As of publication, there have been at least two vague surveillance program concepts floated by Donald Trump—one which would target Muslim-Americans, and one that would instead focus on Muslim immigrants entering the United States. There have been no specific explanations offered as to how either of these proposals would be implemented, nor has any member of Trump’s administration confirmed who exactly will be cataloged. Nevertheless, the prospects are certainly terrifying, regardless of what Muslim community will be at the mercy of the state’s surveillance apparatus.
Like much of Donald Trump’s platform, the concept of a Muslim registry is borrowed, in this case from The National Security Entry-Exit Registration System (NSEERS), which was inaugurated in 2002, thanks to the War on Terror. According to a report from Penn State Law, The NSEERS Effect: A Decade of Racial Profiling, Fear, and Secrecy, “the most controversial piece of NSEERS required non-immigrant males who were 16 years of age and older from 25 specific countries to register at local immigration offices for fingerprinting, photographs, and lengthy, invasive interrogations”, and violators were fined and in some cases even deported—but for North Korea, every country on the NSEERS list has a majority Muslim population, most of them Arab. The civil rights organization South Asian Americans Leading Together (SAALT) released a statement in May 2012 calling for the Department of Homeland Security to dismantle the NSEERS after the Obama administration announced that it would not terminate the program. With this in mind, it is more than possible for Trump’s administration to bring NSEERS back to life. CNN received information from “a source familiar with the incoming administration” who claimed that “there will be a database and it’ll be similar to the National Security Entry-Exit Registration System (NSEERS).”

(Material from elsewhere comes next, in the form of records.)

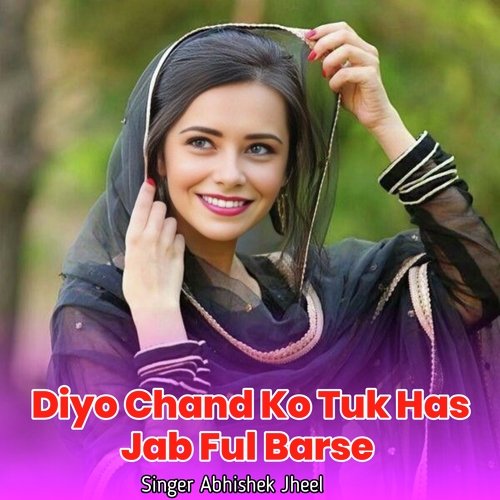 Diyo Chand Ko Tuk Has Jab Ful Barse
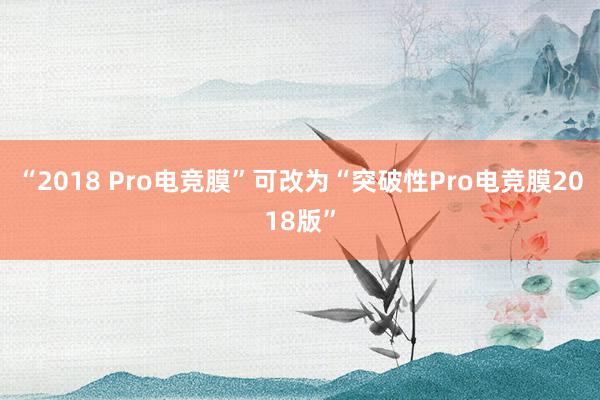 “2018 Pro电竞膜”可改为“突破性Pro电竞膜2018版”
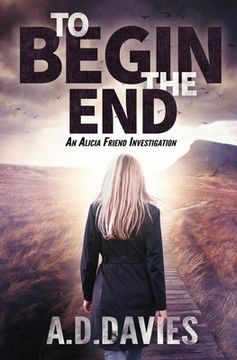 portada To Begin the End: An Alicia Friend Investigation (en Inglés)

Open campaign hostility aimed at Muslims has arguably influenced attacks against mosques, women wearing the hijab, and even members of the Sikh community who are associated with Muslims based on their religious dress. In late March, research from a YouGov/HuffPost poll revealed that “most Americans (51%) now support banning Muslims entering the United States.” Imraan Siddiqi, Executive Director of CAIR-Arizona, tells Mondoweiss that he’s “this is a time where we have to channel fear and concern into organizing.” “It’s going to take a multi-faceted effort to stand up against draconian policies that may be coming down the pipeline,” Siddiqi went on to say.

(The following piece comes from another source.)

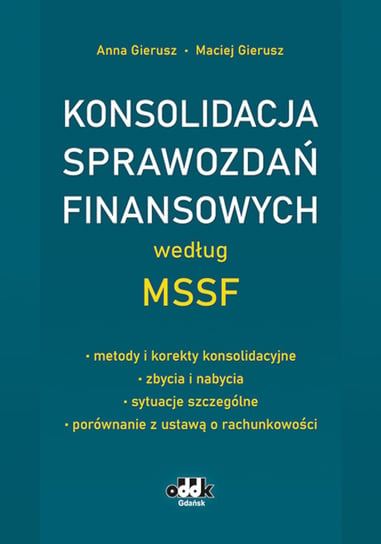 Konsolidacja sprawozdań finansowych według MSSF - metody i korekty konsolidacyjne - zbycia i nabycia Gierusz Anna, Gierusz Maciej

He argues that rather than standing back “we have to strengthen our bonds with allies, engage with our elected officials and continue to support institutions that will challenge these abuses through the legal system.” Siddiqi finds that based on past statements made by Trump and his transition team, there is a legitimate concern regarding heightened surveillance of the Muslim-American community, and Muslim institutions. “We’ve seen this type of policy play out during the Patriot Act, so nothing is out of the realm of possibility. But rather than sitting in fear, we have to ensure that we stand up for our rights—even during the darkest times.” In terms of what allies can do, Siddiqi recommends that non-Muslims lend support to the ACLU, CAIR chapters, and similar organizations. “Interfaith partners can build task forces and coalitions—and educate the public, and apply pressure to elected officials representing large groups of people,” Siddiqi tells Mondoweiss.

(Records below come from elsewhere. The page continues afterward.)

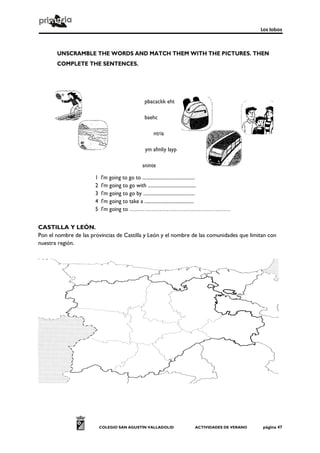 Los lobos
COLEGIO SAN AGUSTÍN VALLADOLID ACTIVIDADES DE VERANO página 47
UNSCRAMBLE THE WORDS AND MATCH THEM WITH THE PICTURES. THEN
COMPLETE THE SENTENCES.
1 l'm going to go to ...........................................
2 l'm going to go with .......................................
3 l'm going to go by ..........................................
4 l'm going to take a ........................................
5 l'm going to ………………………………………………
CASTILLA Y LEÓN.
Pon el nombre de las provincias de Castilla y León y el nombre de las comunidades que limitan con
nuestra región.
pbacackk eht
baehc
ntria
ym afmliy layp
sninte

Sana Saeed, a journalist based in San Francisco, tells Mondoweiss that the fear she is seeing in her community “is real and devastating.” “Muslims should absolutely be be worried about a so-called Muslim registry while being aware that not only have we had it before in the form of NSEER (and most recently HR-158) but also that the government has been keeping files on countless Muslims, Muslim communities for well over decade,” Saeed says. “Chances are that the Trump registry will resemble NSEER [meaning it would target immigrants] so it can bypass the unconstitutionality of ‘religious tests’. That doesn’t mean citizens should breathe out a sigh of relief and further create a dichotomy between citizen and immigrant.”
Saeed hopes that the Muslim community uses this opportunity to form coalitions with other communities “especially undocumented immigrants who are also facing the threat of deportation, [because both] struggles will, as they have for a long time, overlap.”
Any response to Donald Trump’s registry proposal, if it is to have any impact, should keep in mind the existence of a state surveillance apparatus that has long focused on Muslims, both at home and abroad. We can’t fight against one arm of this apparatus and neglect the system itself. It must all come down.